Pour son treizième long-métrage (hors productions télévisuelles), Álex de la Iglesia semble revoir ses ambitions à la baisse, en comparaison des épiques Balada Triste et Les Sorcières de Zugarramurdi. Mais ce huis clos permet au contraire au cinéaste de dresser un portrait nihiliste de ses affreux contemporains, dont la cohabitation entre les murs d’un bar populaire ne se fait pas sans éclaboussures.

Difficile, par les temps qui courent, de monter un film de genre ambitieux en Europe, y compris en Espagne, pourtant l’une des terres sacrées de la tradition fantastique. « Ça n’a vraiment pas été une mince affaire de monter Pris au piège » confirme Álex de la Iglesia, dont les multiples récompenses aux Goya font aujourd’hui à peine pencher la balance en sa faveur. « Ils me permettent encore de faire des choses, mais avec beaucoup de réticences.
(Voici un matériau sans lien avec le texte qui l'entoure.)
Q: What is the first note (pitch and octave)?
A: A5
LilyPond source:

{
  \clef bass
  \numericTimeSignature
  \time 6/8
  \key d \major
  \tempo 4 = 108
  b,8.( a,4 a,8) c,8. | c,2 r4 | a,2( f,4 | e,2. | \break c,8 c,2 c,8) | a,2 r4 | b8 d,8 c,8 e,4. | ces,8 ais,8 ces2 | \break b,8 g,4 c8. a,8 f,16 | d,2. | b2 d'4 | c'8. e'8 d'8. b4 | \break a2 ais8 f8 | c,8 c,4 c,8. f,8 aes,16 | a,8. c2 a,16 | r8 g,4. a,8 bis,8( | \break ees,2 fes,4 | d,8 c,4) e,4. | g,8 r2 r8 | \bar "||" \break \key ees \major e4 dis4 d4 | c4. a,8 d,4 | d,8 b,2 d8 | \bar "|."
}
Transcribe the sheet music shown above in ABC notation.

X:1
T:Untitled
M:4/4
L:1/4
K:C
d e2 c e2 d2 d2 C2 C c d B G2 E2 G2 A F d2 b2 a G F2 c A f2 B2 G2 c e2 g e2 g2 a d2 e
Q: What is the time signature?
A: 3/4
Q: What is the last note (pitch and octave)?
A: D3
J’ai dû me battre énormément en coulisses. J’espère que Netflix et Amazon vont montrer aux studios et aux distributeurs que le public est loin d’être idiot. » Ce n’est pas encore gagné, si l’on en juge par le sort réservé au film chez nous : contrairement aux précédentes oeuvres du réalisateur, Pris au piège doit en effet se contenter d’une sortie VOD à la fin de l’été, puis vidéo à la rentrée. Raison de plus pour le soutenir.
L’argument central très bis de Pris au piège aura peut-être contribué à lui interdire l’accès aux salles, suite aux recettes décevantes des dernières suites de [Rec]. S’inscrivant dans une nouvelle vague du film de contamination (un homme infecté par un virus entre dans un bar, et condamne aussitôt tous les occupants à devenir les cibles de l’armée), Álex de la Iglesia n’en tire toutefois qu’un prétexte scénaristique assez sommaire ; un postulat apte à libérer les instincts souvent égoïstes de ses différents protagonistes. « Je n’ai absolument pas voulu jouer avec les codes du genre » se défend le réalisateur. « Ce que j’aimais là-dedans, c’est qu’il n’y avait pas d’assassin en particulier. Je voulais faire une sorte d’histoire à la Agatha Christie, où l’assassin serait la peste. Finalement, c’est plus proche de The Thing de John Carpenter. » Si la paranoïa est effectivement le principal moteur de l’intrigue, elle alimente surtout une satire politique grinçante. Introduits au gré d’un long plan-séquence, les caractères synthétisent les différentes classes de la société espagnole, de l’entrepreneuse pingre à la femme au foyer bourgeoise, en passant par le publicitaire hipster, l’employé corvéable, le flic avide de pouvoir, le commercial itinérant, la jeune cadre dynamique et le clochard bigot. Tous à la fois vivants et morts à l’intérieur de cet étroit bistrot, tel le fameux chat de Schrödinger, les protagonistes se regroupent rapidement pour optimiser leurs chances de survie, et reproduisent mécaniquement une répartition sociale héritée du monde extérieur. La caméra se plaît à voguer d’un clan à l’autre, et les déplacements de chacun à travers le bar révèlent progressivement la hiérarchie qui s’installe au sein de cette micro-communauté. Redoublant constamment d’inventivité, Álex de la Iglesia exploite absolument tous les axes que lui fournit son humble décor, en multipliant des jeux de lignes droites, de courbes et de diagonales, symbolisant en elles-mêmes le rapport de force entre les différents personnages. Pensé comme un jeu de construction géométrique, Pris au piège explore à ce point ses espaces qu’il aurait gagné à être filmé ou converti en 3D stéréoscopique ; une option que le budget modeste du film n’aurait malheureusement jamais permise.



EXPLOITATION DES CORPS
Outre une mise en scène qui parvient à raréfier les répétitions de plans, Pris au piège brille également par la limpidité de sa structure. Le film est découpé en trois actes précis, et chacun occasionne un déplacement souterrain de l’intrigue, jusqu’à jeter les survivants quasi nus dans un immonde conduit d’égout. Assez peu porté sur le gore, à l’exception de quelques coups de feu bien placés et d’une paire d’yeux exorbités, Pris au piège préfère cultiver le malaise et questionner l’humanité, la loyauté et le sens de la justice de ses antihéros. Énième allégorie christique dans l’oeuvre du réalisateur, le clochard se présente à ce titre comme la clé de voûte du film : s’il apparaît comme l’antagoniste idéal, ses motivations n’en découlent pas moins d’une exploitation quotidienne et honteuse par [...]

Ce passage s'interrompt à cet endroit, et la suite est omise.